> _What you should do_
Every record below should be retyped exactly, and no picture should appear in the copy.

------

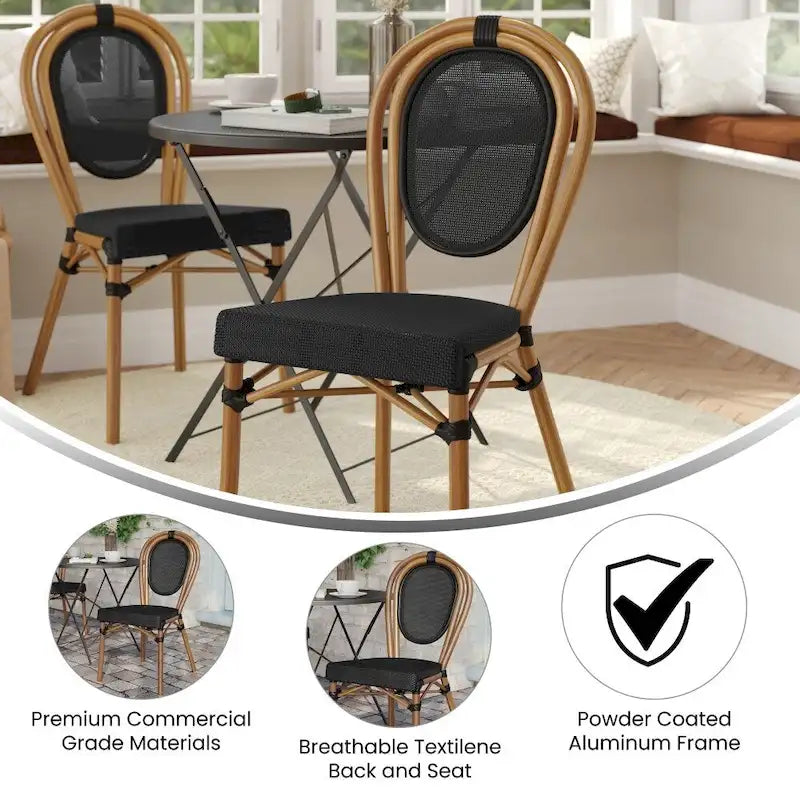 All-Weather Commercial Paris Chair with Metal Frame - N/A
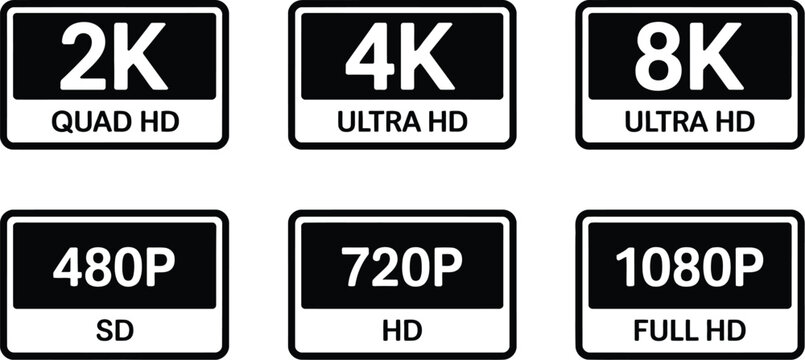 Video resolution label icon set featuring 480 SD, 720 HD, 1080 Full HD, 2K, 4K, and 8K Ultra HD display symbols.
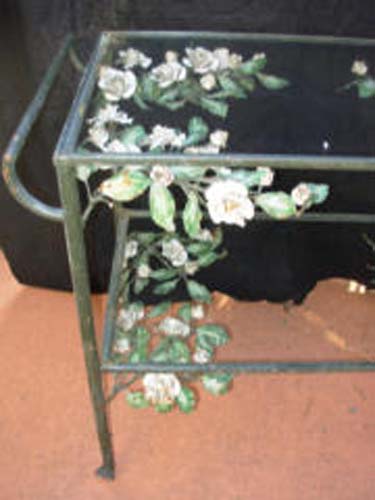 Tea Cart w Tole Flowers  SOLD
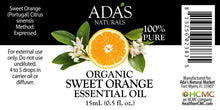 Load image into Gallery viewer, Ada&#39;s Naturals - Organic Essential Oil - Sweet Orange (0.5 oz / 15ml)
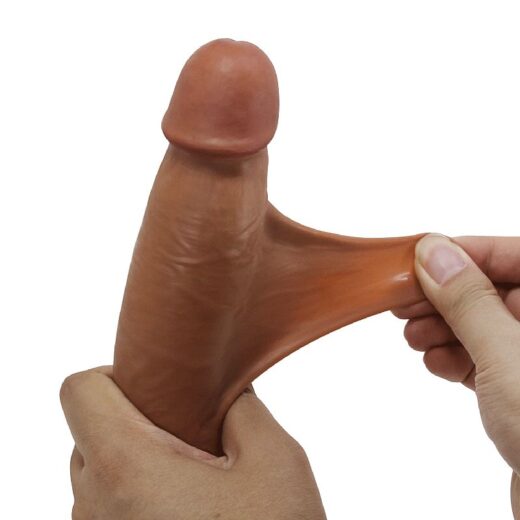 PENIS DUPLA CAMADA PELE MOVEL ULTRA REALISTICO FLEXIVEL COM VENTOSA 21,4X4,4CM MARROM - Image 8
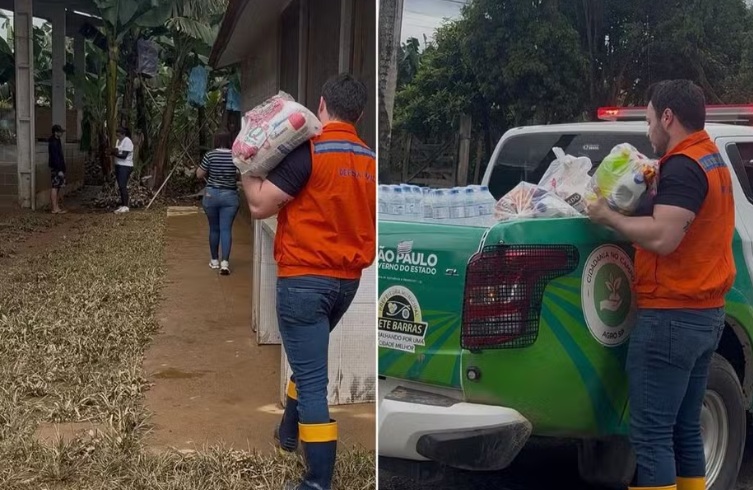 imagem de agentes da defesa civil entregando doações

------

> _Result for this exercise_
 All-Weather Commercial Paris Chair with Metal Frame - N/A
 Video resolution label icon set featuring 480 SD, 720 HD, 1080 Full HD, 2K, 4K, and 8K Ultra HD display symbols.
 Tea Cart w Tole Flowers  SOLD
 Load image into Gallery viewer, Ada&#39;s Naturals - Organic Essential Oil - Sweet Orange (0.5 oz / 15ml)
 PENIS DUPLA CAMADA PELE MOVEL ULTRA REALISTICO FLEXIVEL COM VENTOSA 21,4X4,4CM MARROM - Image 8
 imagem de agentes da defesa civil entregando doações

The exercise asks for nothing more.